Miranda Rachelle Maverick (born July 1, 1997) is an American mixed martial artist who competes in the Flyweight division of the Ultimate Fighting Championship (UFC). She competed in Flyweight division of the Invicta Fighting Championships.

Background 
Maverick was born in Tunas, Missouri. She grew up working on her family farm moving around many states in the Midwest and Southern United States, earning her the strength that she is known for within the martial arts community. She started grappling when she was sixteen after encouragement by her father while watching Ronda Rousey fight on the television. She also joined her high school wrestling team at Buffalo High School in Buffalo, Missouri her senior year and competed on the men's varsity team until discovering that she would not be going to college for wrestling. She then stopped to focus on wrestling, instead turning her sights on MMA soon after she graduated high school.

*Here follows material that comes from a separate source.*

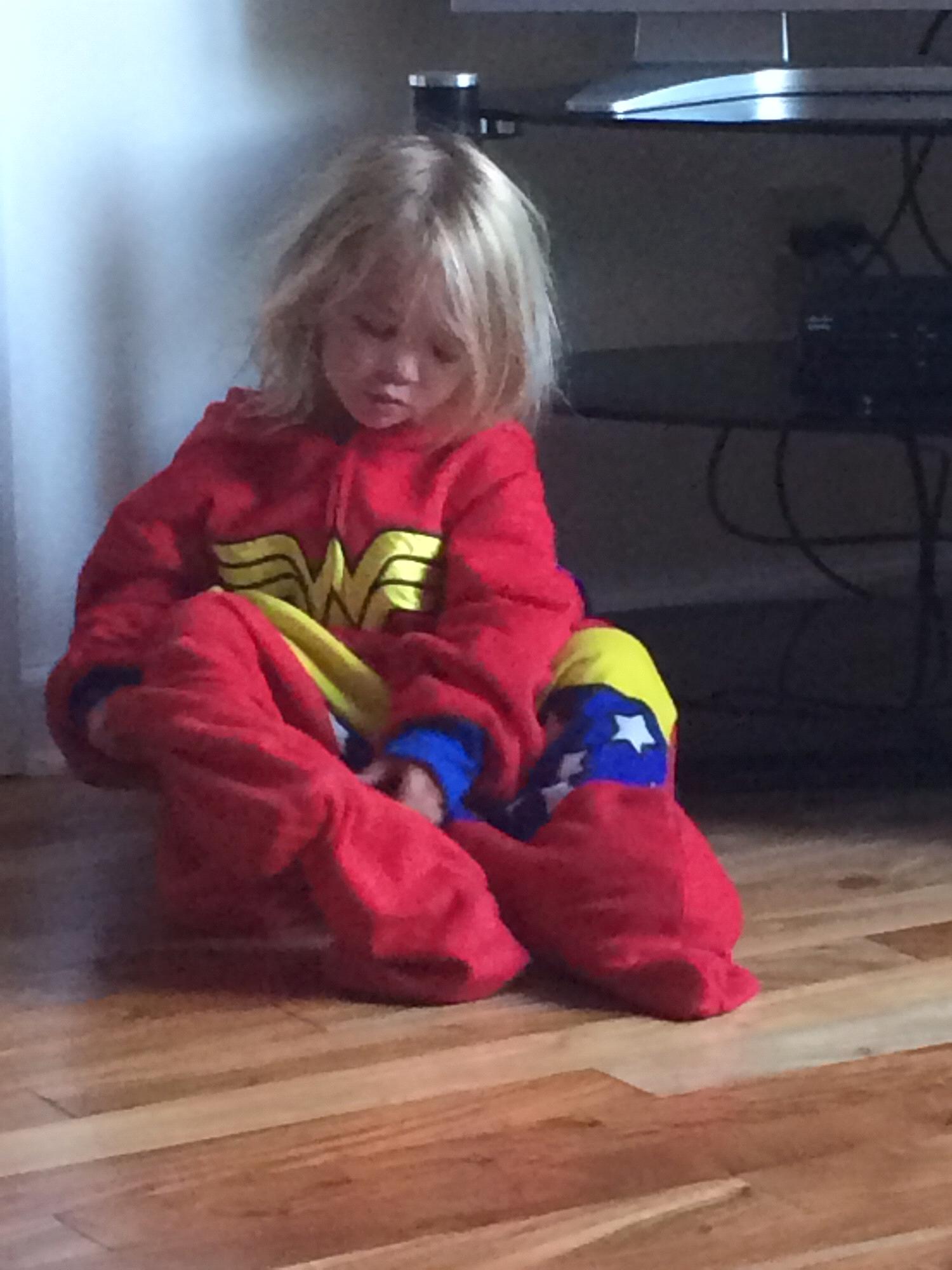 Hadley putting on Jill’s Superwoman outfit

Despite concentrating in mixed martial arts, Maverick graduated with honors from Drury University, majoring in psychology and sociology in 2018. Maverick then relocated to Norfolk, VA to pursue a PhD in Industrial/Organizational Psychology at Old Dominion University.

Mixed martial arts career

Early career 
Maverick started her amateur career in 2015, fighting under Kansas City Fighting Alliance, ShoFight, and The Blue Corner promotions. She amassed a record of 7–1, winning the Blue Corner and Shofight flyweight championships all while 18 years old, being listed as the number one amateur woman in her region on Tapology at the time she went pro. After her final amateur win, she was soon contacted by President Shannon Knapp of Invicta Fighting Championships.

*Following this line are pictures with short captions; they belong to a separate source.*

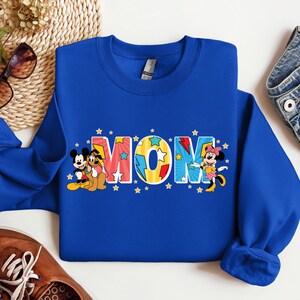 K&ouml;nnte beinhalten: Blauer Pullover mit einem bunten "MOM"-Motiv mit Mickey Mouse, Minnie Mouse und Pluto. Die Buchstaben sind gelb umrandet und haben einen Comic-Stil.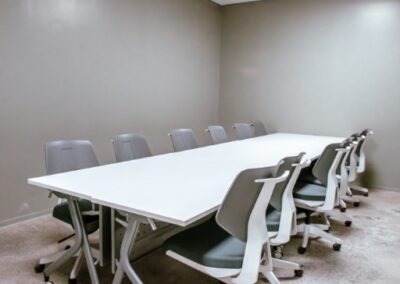 Training room with long desk and rolling chairs.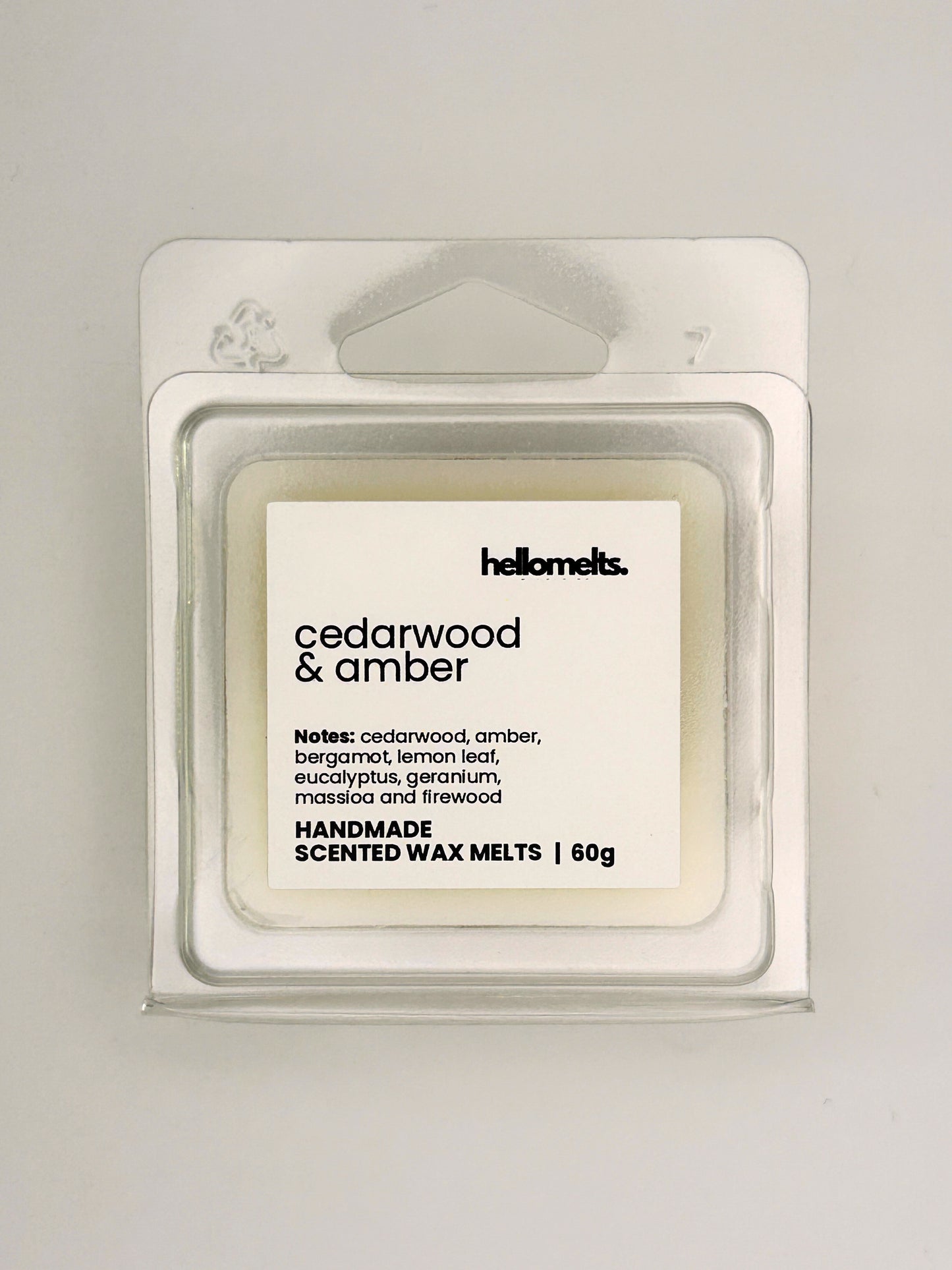 Close up of Cedarwood & Amber 60g wax melt label on clear clamshell packaging from the Hellomelts Autumn Collection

Invicta Fighting Championships 

Maverick made her promotional debut on November 18, 2016, at Invicta FC 20: Evinger vs. Kunitskaya against Samantha Diaz. Samantha Diaz cut off her hair the day of weight-ins to make weight and Maverick came in over 2 pounds above the strawweight limit. Maverick won the fight via rear naked choke in round one.

Her next pro fight was on March 25, 2017, at Invicta FC 22: Evinger vs. Kunitskaya II facing Kalyn Schwartz.  On the weight-in Maverick missed weight by 4.5 Ibs over the upper limit of 116 Ibs. She won the fight via submission on round one.

On July 15, 2017, Maverick faced Gabby Romero at Invicta FC 24: Dudieva vs. Borella. She won the fight via unanimous decision.

Her next fight came on July 21, 2018, facing Brogan Walker-Sanchez at Invicta FC 30. She won the fight via unanimous decision. she lost the fight via unanimous decision.

Maverick faced Victoria Leonardo on September 1, 2018, at Invicta FC 31: Jandiroba vs. Morandin. She defeated Leonardo via a submission.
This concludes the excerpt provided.